GOAL OF THE EXERCISE: From the records below, set down exactly the lines starting with the line that contains "Được coi là" and going on through the line that contains "6/42 Main Road Tawa_2". Nothing else is wanted.
DATASET ENTRIES below:
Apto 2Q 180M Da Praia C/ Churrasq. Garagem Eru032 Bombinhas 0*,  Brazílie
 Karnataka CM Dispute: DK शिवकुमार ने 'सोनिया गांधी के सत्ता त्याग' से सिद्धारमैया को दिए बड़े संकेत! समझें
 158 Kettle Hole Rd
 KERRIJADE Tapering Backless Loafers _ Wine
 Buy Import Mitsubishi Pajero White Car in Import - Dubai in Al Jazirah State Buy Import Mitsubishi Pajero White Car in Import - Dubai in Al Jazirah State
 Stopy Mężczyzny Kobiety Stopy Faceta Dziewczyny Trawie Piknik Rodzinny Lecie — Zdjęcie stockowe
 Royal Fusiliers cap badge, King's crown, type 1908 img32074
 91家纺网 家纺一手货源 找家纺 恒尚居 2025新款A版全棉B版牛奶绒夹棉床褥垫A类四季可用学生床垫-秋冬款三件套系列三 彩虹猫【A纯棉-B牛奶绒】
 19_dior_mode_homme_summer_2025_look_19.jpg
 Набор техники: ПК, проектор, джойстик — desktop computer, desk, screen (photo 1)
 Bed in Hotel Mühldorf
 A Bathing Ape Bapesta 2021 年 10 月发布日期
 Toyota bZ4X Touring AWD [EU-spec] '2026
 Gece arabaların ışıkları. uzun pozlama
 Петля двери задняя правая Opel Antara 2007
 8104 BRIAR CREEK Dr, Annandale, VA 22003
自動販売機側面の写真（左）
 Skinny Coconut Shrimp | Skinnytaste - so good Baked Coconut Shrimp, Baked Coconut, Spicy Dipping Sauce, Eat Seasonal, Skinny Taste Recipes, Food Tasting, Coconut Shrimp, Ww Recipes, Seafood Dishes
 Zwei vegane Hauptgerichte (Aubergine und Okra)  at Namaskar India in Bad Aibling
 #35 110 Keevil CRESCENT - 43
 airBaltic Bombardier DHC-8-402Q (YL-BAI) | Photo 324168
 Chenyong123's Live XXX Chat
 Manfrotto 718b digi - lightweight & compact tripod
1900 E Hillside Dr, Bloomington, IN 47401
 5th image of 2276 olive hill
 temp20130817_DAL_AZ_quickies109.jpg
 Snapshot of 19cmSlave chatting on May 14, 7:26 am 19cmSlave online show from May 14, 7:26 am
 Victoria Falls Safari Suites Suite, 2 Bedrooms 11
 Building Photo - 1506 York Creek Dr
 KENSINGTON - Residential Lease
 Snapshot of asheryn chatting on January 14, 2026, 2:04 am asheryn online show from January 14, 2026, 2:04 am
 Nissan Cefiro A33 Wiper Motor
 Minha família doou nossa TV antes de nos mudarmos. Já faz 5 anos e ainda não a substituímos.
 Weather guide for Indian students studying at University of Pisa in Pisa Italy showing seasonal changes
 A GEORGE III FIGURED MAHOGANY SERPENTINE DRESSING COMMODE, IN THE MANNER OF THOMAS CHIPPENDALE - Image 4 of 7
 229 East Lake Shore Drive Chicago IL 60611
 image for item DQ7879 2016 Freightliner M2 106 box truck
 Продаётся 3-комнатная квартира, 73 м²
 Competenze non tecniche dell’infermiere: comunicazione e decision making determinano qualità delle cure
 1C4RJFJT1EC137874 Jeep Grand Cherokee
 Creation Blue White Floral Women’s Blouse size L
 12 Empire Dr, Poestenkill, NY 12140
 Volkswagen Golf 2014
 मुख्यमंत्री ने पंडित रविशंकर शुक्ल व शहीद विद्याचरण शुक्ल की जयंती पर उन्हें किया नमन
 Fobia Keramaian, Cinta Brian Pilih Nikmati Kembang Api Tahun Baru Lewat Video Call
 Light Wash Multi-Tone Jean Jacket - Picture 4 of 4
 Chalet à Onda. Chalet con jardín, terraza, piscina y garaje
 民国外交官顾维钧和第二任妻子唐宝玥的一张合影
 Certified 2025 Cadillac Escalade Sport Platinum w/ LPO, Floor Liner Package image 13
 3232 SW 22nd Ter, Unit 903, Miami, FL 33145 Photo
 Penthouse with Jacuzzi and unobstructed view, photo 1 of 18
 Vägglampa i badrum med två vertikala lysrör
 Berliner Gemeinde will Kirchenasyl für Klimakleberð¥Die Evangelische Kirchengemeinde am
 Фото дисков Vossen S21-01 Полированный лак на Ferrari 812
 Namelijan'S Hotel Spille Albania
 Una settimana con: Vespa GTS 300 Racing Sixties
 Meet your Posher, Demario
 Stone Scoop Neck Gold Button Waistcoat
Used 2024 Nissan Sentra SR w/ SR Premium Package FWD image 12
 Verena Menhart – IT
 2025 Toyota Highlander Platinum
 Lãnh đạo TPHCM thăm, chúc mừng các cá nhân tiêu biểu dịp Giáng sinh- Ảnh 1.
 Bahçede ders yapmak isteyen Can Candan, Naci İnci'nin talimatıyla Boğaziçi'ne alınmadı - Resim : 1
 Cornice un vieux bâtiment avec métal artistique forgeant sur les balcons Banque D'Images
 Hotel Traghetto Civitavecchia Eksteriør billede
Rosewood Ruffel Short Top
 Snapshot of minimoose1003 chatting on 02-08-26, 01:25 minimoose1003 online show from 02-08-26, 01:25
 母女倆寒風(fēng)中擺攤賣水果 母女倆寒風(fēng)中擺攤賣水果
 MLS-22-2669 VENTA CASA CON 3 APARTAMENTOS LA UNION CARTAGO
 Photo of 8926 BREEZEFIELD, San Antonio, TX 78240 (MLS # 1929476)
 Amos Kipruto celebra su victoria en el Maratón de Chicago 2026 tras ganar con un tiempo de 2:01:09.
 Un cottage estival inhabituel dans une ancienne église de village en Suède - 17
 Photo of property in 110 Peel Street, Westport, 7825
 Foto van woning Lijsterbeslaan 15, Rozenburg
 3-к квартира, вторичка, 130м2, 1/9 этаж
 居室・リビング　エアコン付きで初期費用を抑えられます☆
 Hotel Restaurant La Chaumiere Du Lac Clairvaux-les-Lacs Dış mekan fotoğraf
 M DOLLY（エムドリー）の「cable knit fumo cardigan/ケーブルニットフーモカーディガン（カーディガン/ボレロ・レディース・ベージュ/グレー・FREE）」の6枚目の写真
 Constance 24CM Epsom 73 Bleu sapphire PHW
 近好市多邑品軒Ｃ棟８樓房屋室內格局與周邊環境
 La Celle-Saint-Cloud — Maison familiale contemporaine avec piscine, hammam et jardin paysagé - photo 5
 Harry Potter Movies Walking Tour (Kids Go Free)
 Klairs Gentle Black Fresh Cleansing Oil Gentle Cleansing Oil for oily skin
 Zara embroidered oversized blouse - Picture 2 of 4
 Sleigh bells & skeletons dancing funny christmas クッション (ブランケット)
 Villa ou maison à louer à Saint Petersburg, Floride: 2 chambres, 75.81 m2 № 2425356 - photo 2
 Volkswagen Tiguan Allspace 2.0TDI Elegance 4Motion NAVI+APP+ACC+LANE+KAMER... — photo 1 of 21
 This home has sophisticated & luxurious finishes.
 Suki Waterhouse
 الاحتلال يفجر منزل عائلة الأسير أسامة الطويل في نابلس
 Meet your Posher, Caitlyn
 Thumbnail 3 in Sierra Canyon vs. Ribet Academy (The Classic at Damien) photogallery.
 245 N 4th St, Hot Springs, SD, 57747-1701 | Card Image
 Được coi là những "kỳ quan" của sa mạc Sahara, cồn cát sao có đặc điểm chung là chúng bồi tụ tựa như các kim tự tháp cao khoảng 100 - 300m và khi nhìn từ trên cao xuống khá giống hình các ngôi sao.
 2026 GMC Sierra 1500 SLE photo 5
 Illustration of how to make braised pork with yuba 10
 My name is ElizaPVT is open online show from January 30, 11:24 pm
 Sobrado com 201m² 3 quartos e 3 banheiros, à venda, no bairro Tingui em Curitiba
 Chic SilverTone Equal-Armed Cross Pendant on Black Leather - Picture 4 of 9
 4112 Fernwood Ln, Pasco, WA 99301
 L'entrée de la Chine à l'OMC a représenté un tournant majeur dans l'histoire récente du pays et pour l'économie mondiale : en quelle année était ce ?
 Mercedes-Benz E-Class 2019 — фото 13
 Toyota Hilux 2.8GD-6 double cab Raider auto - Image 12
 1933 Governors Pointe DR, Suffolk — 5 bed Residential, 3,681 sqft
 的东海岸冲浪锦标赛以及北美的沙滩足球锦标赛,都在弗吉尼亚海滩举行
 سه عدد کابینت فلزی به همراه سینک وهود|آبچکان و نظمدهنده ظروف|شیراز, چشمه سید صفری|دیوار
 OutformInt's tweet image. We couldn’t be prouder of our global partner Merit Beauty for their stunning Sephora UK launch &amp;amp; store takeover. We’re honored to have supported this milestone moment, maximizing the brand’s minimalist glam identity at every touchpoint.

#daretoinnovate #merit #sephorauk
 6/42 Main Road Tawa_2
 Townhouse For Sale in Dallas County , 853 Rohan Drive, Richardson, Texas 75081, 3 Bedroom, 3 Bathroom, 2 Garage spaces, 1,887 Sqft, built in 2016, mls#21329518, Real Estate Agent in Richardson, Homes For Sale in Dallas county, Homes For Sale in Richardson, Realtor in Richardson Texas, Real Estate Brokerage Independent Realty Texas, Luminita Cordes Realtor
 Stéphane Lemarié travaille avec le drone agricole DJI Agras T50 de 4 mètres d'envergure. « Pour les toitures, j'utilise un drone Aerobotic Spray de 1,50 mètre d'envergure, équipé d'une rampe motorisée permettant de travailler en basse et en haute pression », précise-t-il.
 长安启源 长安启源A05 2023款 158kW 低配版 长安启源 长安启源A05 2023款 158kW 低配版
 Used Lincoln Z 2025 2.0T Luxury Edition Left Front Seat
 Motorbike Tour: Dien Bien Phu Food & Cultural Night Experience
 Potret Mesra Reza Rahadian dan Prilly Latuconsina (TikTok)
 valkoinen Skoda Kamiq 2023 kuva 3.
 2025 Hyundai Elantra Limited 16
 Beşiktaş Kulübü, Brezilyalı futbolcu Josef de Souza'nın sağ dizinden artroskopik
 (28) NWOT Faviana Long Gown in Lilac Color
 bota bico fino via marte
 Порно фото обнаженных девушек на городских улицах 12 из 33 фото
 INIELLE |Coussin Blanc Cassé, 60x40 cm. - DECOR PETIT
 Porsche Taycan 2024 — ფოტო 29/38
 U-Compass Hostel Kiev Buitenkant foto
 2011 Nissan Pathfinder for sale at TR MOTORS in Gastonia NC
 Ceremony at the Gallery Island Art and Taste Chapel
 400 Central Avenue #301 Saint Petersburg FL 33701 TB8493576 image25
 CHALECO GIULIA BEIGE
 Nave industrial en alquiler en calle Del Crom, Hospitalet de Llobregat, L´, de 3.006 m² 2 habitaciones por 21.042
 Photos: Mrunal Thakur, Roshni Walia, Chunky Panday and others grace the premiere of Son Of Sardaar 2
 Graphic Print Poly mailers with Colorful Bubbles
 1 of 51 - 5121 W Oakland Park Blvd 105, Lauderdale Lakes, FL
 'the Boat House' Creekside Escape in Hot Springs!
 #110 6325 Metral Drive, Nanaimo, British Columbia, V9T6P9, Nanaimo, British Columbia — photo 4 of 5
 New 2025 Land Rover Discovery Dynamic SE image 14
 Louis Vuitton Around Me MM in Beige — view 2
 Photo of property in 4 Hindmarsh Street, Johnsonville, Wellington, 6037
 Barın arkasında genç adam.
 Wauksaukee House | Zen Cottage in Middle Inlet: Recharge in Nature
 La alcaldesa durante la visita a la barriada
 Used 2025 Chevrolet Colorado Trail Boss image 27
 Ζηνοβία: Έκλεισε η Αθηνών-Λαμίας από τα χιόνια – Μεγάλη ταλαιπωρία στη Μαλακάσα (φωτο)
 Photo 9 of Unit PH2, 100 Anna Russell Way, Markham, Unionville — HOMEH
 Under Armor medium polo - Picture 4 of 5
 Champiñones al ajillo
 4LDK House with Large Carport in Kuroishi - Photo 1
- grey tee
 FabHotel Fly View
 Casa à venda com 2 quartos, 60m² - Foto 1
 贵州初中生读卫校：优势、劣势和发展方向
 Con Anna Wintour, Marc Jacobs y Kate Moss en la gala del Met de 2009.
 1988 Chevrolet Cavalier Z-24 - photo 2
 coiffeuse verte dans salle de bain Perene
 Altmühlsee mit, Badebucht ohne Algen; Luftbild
End of DATASET ENTRIES.
RESULT FOR THIS TASK:
 Được coi là những "kỳ quan" của sa mạc Sahara, cồn cát sao có đặc điểm chung là chúng bồi tụ tựa như các kim tự tháp cao khoảng 100 - 300m và khi nhìn từ trên cao xuống khá giống hình các ngôi sao.
 2026 GMC Sierra 1500 SLE photo 5
 Illustration of how to make braised pork with yuba 10
 My name is ElizaPVT is open online show from January 30, 11:24 pm
 Sobrado com 201m² 3 quartos e 3 banheiros, à venda, no bairro Tingui em Curitiba
 Chic SilverTone Equal-Armed Cross Pendant on Black Leather - Picture 4 of 9
 4112 Fernwood Ln, Pasco, WA 99301
 L'entrée de la Chine à l'OMC a représenté un tournant majeur dans l'histoire récente du pays et pour l'économie mondiale : en quelle année était ce ?
 Mercedes-Benz E-Class 2019 — фото 13
 Toyota Hilux 2.8GD-6 double cab Raider auto - Image 12
 1933 Governors Pointe DR, Suffolk — 5 bed Residential, 3,681 sqft
 的东海岸冲浪锦标赛以及北美的沙滩足球锦标赛,都在弗吉尼亚海滩举行
 سه عدد کابینت فلزی به همراه سینک وهود|آبچکان و نظمدهنده ظروف|شیراز, چشمه سید صفری|دیوار
 OutformInt's tweet image. We couldn’t be prouder of our global partner Merit Beauty for their stunning Sephora UK launch &amp;amp; store takeover. We’re honored to have supported this milestone moment, maximizing the brand’s minimalist glam identity at every touchpoint.

#daretoinnovate #merit #sephorauk
 6/42 Main Road Tawa_2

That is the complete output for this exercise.